:: TASK ::
Scan the records below for the line containing "Tabaka alumini për" and the line containing "RI license plate 033158". Copy both, plus every line between, exactly.

EXTRACTED RECORDS START

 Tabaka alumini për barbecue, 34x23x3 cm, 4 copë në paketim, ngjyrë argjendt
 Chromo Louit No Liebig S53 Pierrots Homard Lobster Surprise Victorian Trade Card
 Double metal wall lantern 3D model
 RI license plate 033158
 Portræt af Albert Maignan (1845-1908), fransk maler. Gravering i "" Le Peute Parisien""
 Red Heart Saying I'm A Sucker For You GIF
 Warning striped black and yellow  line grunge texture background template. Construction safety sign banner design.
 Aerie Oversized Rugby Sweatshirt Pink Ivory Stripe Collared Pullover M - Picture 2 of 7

EXTRACTED RECORDS END
EXTRACTED RECORDS START

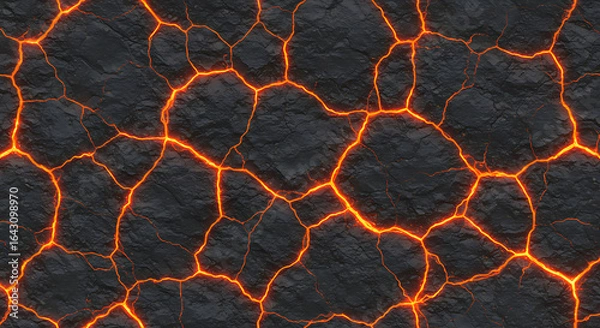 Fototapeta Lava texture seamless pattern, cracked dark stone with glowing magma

EXTRACTED RECORDS END

:: PROBLEM SOLUTION ::
 Tabaka alumini për barbecue, 34x23x3 cm, 4 copë në paketim, ngjyrë argjendt
 Chromo Louit No Liebig S53 Pierrots Homard Lobster Surprise Victorian Trade Card
 Double metal wall lantern 3D model
 RI license plate 033158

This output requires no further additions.